■ **Task brief**
The records are to be repeated in full, with the images removed.

### Data provided ###

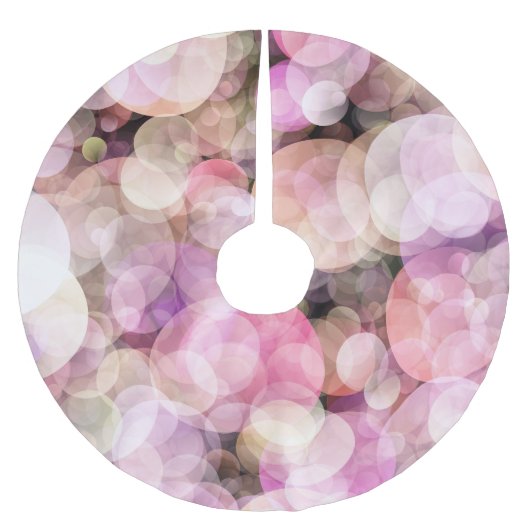 Blassgelbe Blasen: Elegantes Dekor Polyester Weihnachtsbaumdecke (Vorderseite)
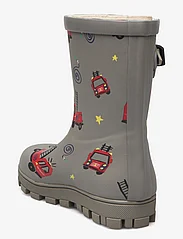 Rubber Duck - RD RUBBER CLASSIC FIRE TRUCK KIDS - unlined rubberboots - grey-red - 2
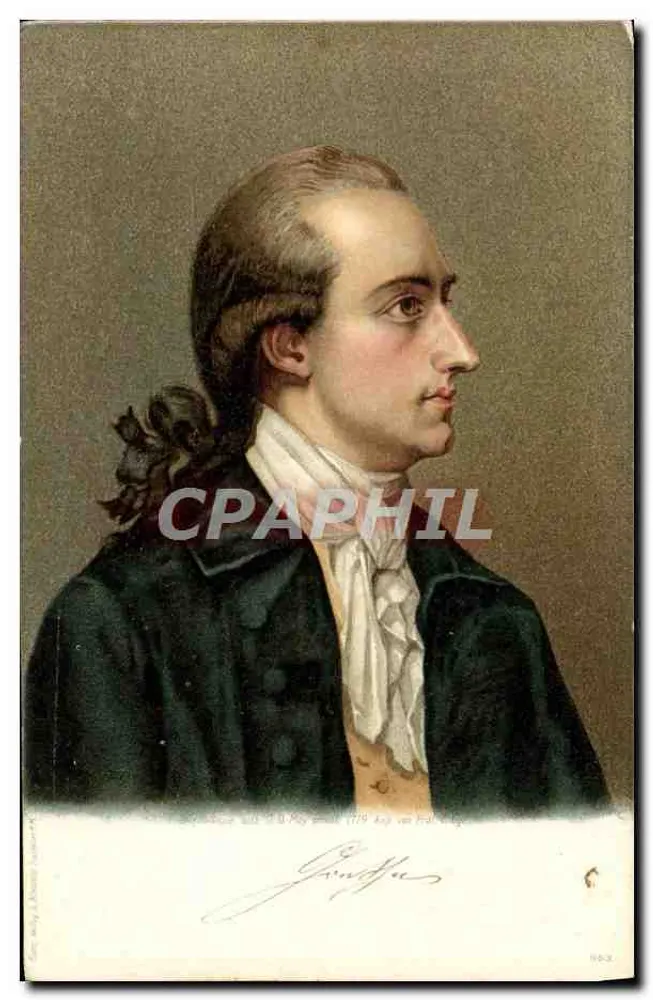 Portret Goethego — Goethehaus, Frankfurt a.M. — Goethehaus, Frankfurt a.M. - Awers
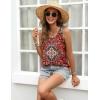 Zeagoo Tank Top for Women Summer Loose Fit Casual Flowy Sleeveless Tops Trendy Scoop Neck Basic Shirts Tee 2026(Mz870-red Bohemian)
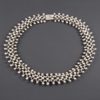 Mini Silver Marbles Circular Necklace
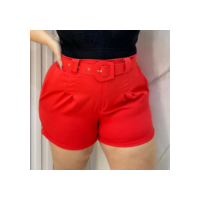 Short Alfaiataria GG, Plus Size Moda Femina Short Social Com Sinto Tamanho 46 ao 52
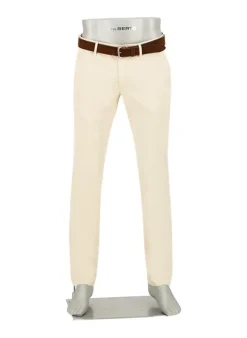 ALBERTO Gabardine, Lou, Regular Fit, Baumwoll-Stretch, ecru^ Chino|Alles Weiss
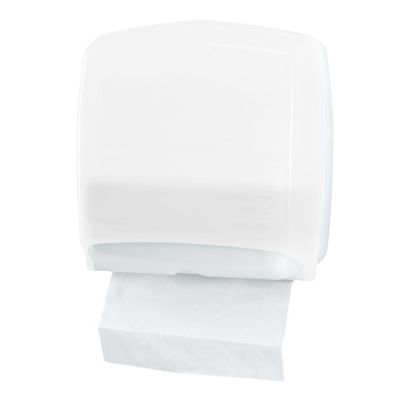 Distributore mini di carta asciugamani in fazzoletti Hylab in PPL con capacit 300 foglietti bianco - U-FO/2-ECOS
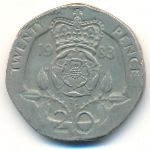 Великобритания, 20 пенсов (1983 г.)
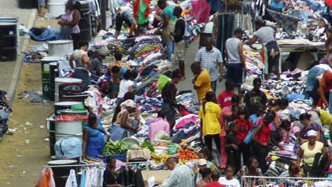 Markt auf den Kapverden, Kreol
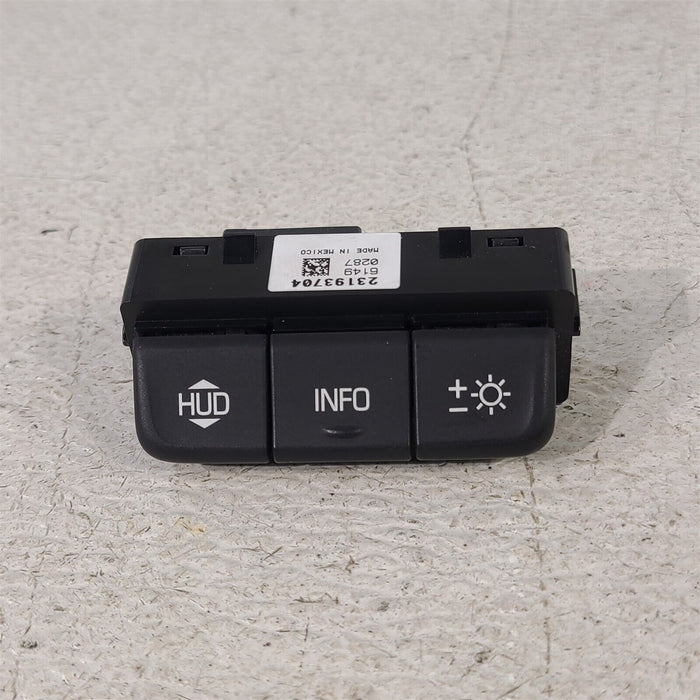 16-20 Camaro Ss Hud Control Switch Control Button Aa7227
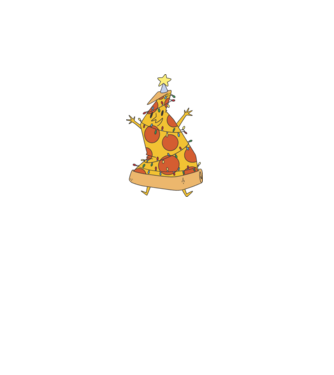 Pizza pom de Crăciun model turcoaz pe tricou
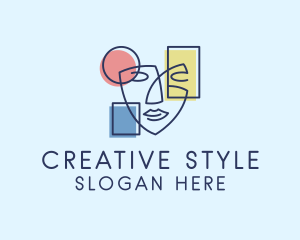 Creative Face Art logo design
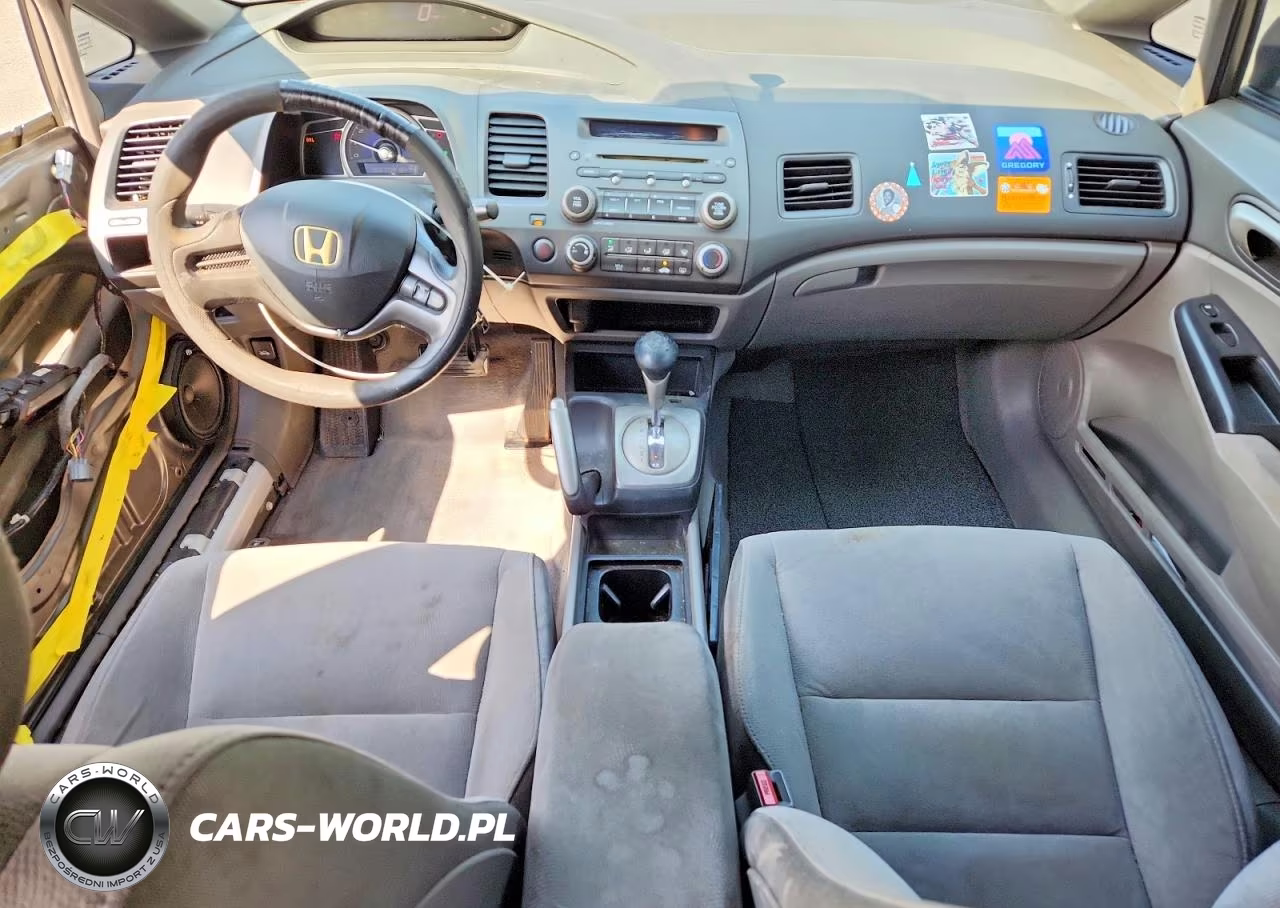 2008 Honda Civic Lx VIN:1HGFA165X8L018260 - 8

###

■ **Result for this task**
 Blassgelbe Blasen: Elegantes Dekor Polyester Weihnachtsbaumdecke (Vorderseite)
 Rubber Duck - RD RUBBER CLASSIC FIRE TRUCK KIDS - unlined rubberboots - grey-red - 2
 Portret Goethego — Goethehaus, Frankfurt a.M. — Goethehaus, Frankfurt a.M. - Awers
 Zeagoo Tank Top for Women Summer Loose Fit Casual Flowy Sleeveless Tops Trendy Scoop Neck Basic Shirts Tee 2026(Mz870-red Bohemian)
 Mini Silver Marbles Circular Necklace
 Short Alfaiataria GG, Plus Size Moda Femina Short Social Com Sinto Tamanho 46 ao 52
 ALBERTO Gabardine, Lou, Regular Fit, Baumwoll-Stretch, ecru^ Chino|Alles Weiss
 Distributore mini di carta asciugamani in fazzoletti Hylab in PPL con capacit 300 foglietti bianco - U-FO/2-ECOS
 Великобритания, 20 пенсов (1983 г.)
 Markt auf den Kapverden, Kreol
 16-20 Camaro Ss Hud Control Switch Control Button Aa7227
 Pizza pom de Crăciun model turcoaz pe tricou
 Creative Face Art logo design
 2008 Honda Civic Lx VIN:1HGFA165X8L018260 - 8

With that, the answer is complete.